The government has taken 40,000 hectares of public forest off the market, in the latest twist in the furore over the proposed sell-off of England's woodland.
About 15% of the England's public forests had been slated for sale, with the aim of raising £100m for government coffers, but on Friday morning the Department for Environment, Food and Rural Affairs (Defra) said it would hold on to the forest until the fate of the rest of the Forestry Commission's lands had been decided.
Defra said the sale was being postponed because of concerns over access rights, and will not affect its broader proposal to sell the UK's nationally owned woods, which is still the subject of public consultation.
Caroline Spelman, the environment secretary, blamed the last Labour government – which had planned the sale of the 15% – for the halt.
She said in a written statement: "In light of the government commitment to increase protection for access and public benefit in our woodlands, the criteria for these sales will be reviewed so that protections are significantly strengthened following the inadequate measures that were applied to sales under the previous administration. Pending this review, no individual woodland site will be put on the market."
Mark Avery, the conservation director at the RSPB, welcomed the move. "This is a good thing. Lots of forests were going to be sold off without enough protection [for public access rights and wildlife]," he said.
The postponement will mean that, after the consultation which ends on 21 April, the 15% may come back on to the market for sale outright, and if the government's current plans go ahead, the rest of the Forestry Commission's land will be sold on long-term leases.
The government's proposals to sell England's commercially run forests to private bidders, and hand over "heritage" woodlands to charities, have outraged conservationists and the wider public, with opinion polls showing more than 80% of people are opposed to the plans.
Some Tory MPs are also known to be nervous about the possible sale, which will not bring in new funds to the government because of the costs involved.
Mary Creagh, the shadow environment secretary, said:"[Calling off the 40,000 hectare sale] is a panic measure by a government which has been spooked by the huge public outcry. This partial U-turn will not be enough to silence the protests. This government has not scrapped its plans to sell off the public woodlands."

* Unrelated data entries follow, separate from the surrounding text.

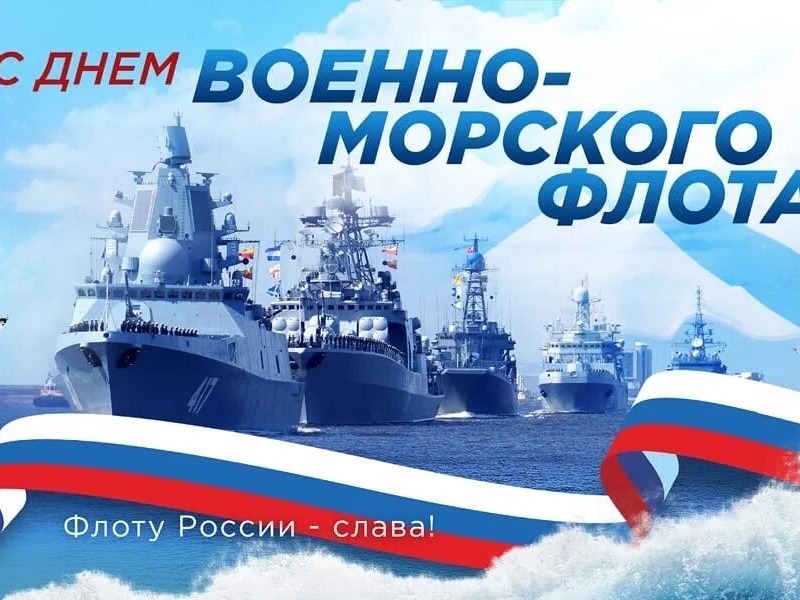 День Военно-Морского Флота.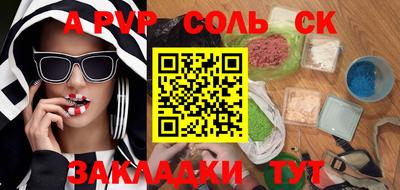 jwh Славгород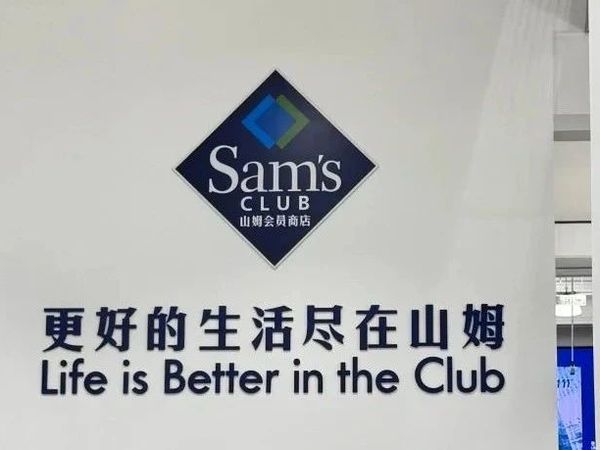 山姆5款饼干封神！39.9元承包一个月零食，”配料干净“娃也很喜欢吃！！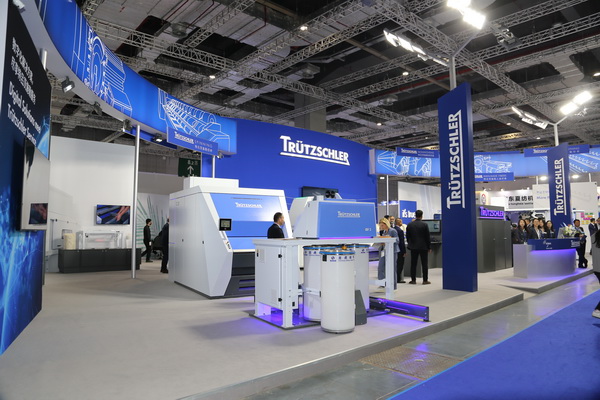 40余家VDMA會(huì)員企業(yè)參加ITMA，展示綠色紡織品生產(chǎn)的智能技術(shù)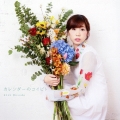 カレンダーのコイビト [CD+DVD]＜初回限定盤B＞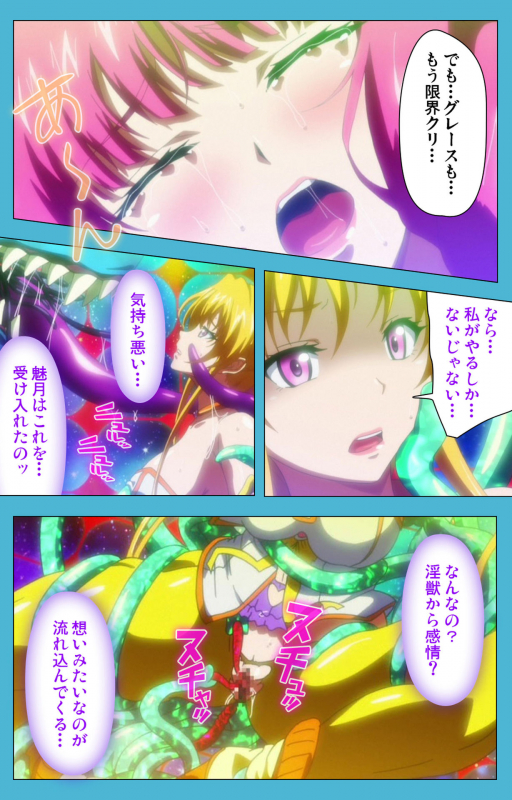 [Suzuhane Suzu] [Full Color seijin ban] Majuu Jouka Shoujo Utea Kanzenban_032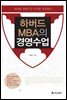하버드 MBA의 경영수업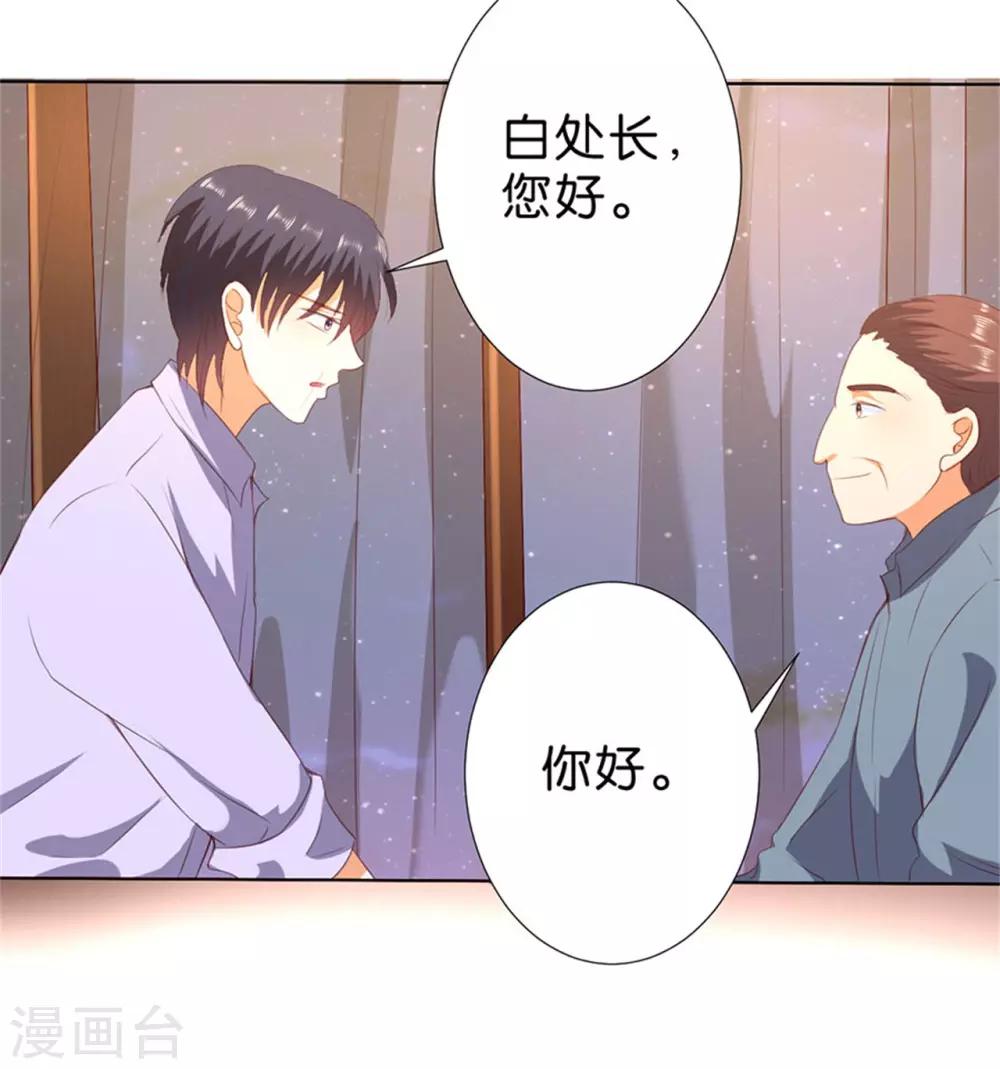 第198话-第199话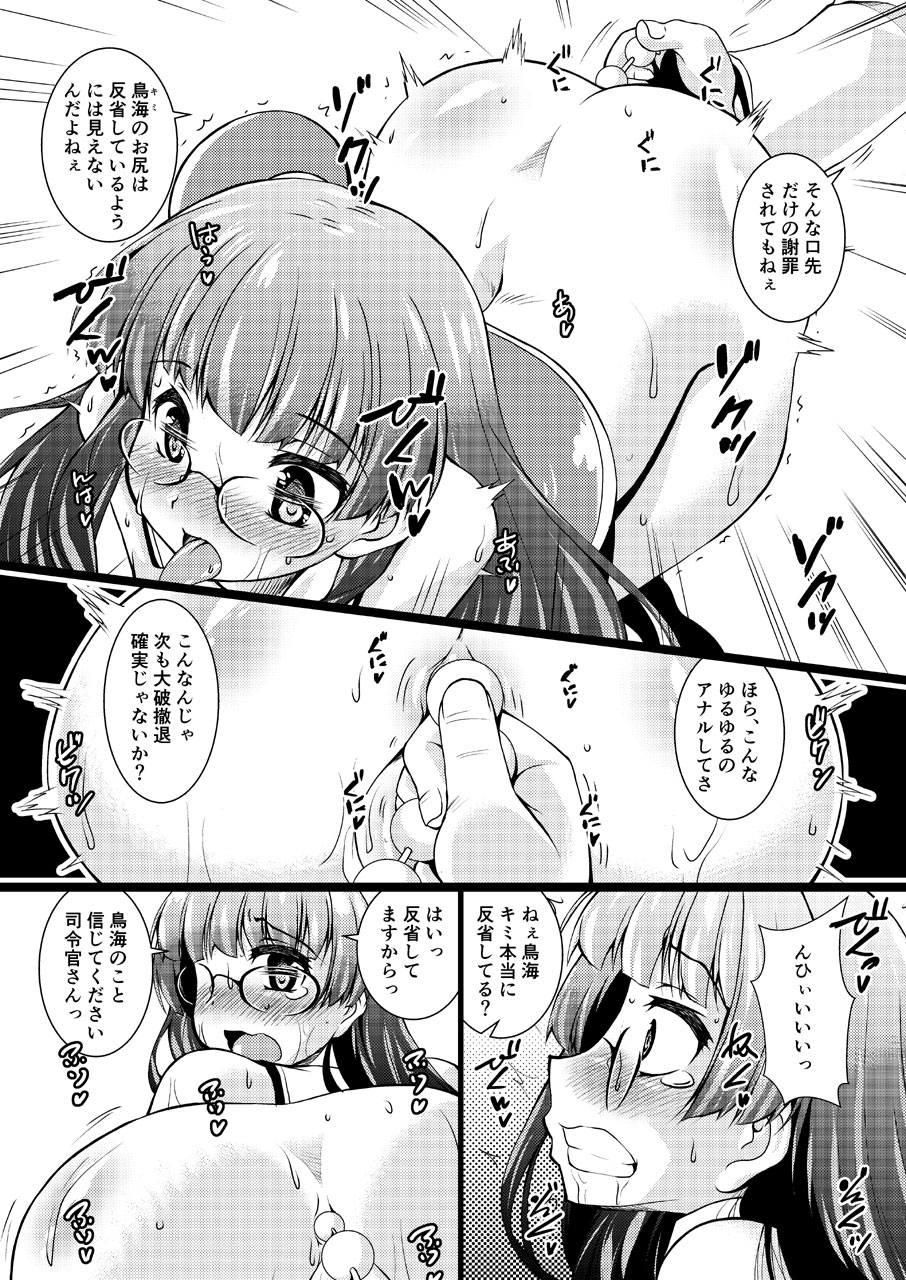 Takao-gata Juujunyoukan Yonbankan Muttsuri Mousoushojo Onanie page 12 full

She added: "We urge people to send a very clear message to this Conservative-led government by joining our This Land is Our Land Campaign."
Avery said the government was "clearly taking a deep breath" over the forestry proposals. "They always seem like they are trying to catch up with the last thing someone has told them," he said. "We don't object to the state getting out of the business of growing timber, but we need to see if the right forests are being sold in the right way."
Brendan Barber, the general secretary of the Trades Union Congress, also welcomed Friday's decision to postpone the sale. "This is not a U-turn but the start of a three-point turn. We look forward to hearing that the Forestry Commission job losses will now also be called off and that the whole forestry disposal debacle will be scrapped," he said.
David Babbs, executive director of campaign group 38 Degrees said:"It's welcome news that our people-powered campaign has pushed the government to postpone the start of the sell-off for at least a few months. But if David Cameron hopes the fuss will now die down, he's going to be disappointed.
Some 493,680 people have now signed a 38 Degrees petition against the sell-off run. The group hopes to hit half a million in the coming days.
Today's move marks the latest in a series of government twists and turns on the forestry sell-off, as ministers seek a way to handle the political hot potato the plans have become.
When the scale of the potential revolt – uniting disparate groups from the ramblers to hunting supporters – became clear, prime minister Cameron moved to dampen the row by insisting that the government would listen to all sides.
He told MPs last week: "Of course I'm listening to all of the arguments that are being put on this issue. But I would ask is it the case that there are organisations like the Woodland Trust, like the National Trust, who could do a better job than the Forestry Commission? I believe there are."
Initially, ministers suggested that the sale of the Forestry Commission would help to reduce the deficit, but then had to back down as Defra's own analysis showed the sale would cost about as much as it would raise. The government also justified the sell-off on the grounds that the Forestry Commission currently suffers from a conflict of interest, as both a regulator and seller of timber, but this was rejected by campaigners.
There was further embarrassment for ministers when it emerged that selling off public woodland could cost millions in lost revenue, as it would widen an existing tax loophole whereby buyers of woodland can avoid inheritance tax.
Earlier this week, the director general of the National Trust, Dame Fiona Reynolds, expressed "surprise" that the government had not consulted with the charity – one of the biggest landowners in the UK – over the proposals.
The National Trust has said it will consider taking on stewardship of some heritage woodlands, but Reynolds added that there were still questions over how it would be paid for. She said it would be hard for charities to take on stewardship of heritage woodland. "It's a big ask, for any charity," she said.
She also warned that the government's proposals at present were "full of holes" and "thin on detail".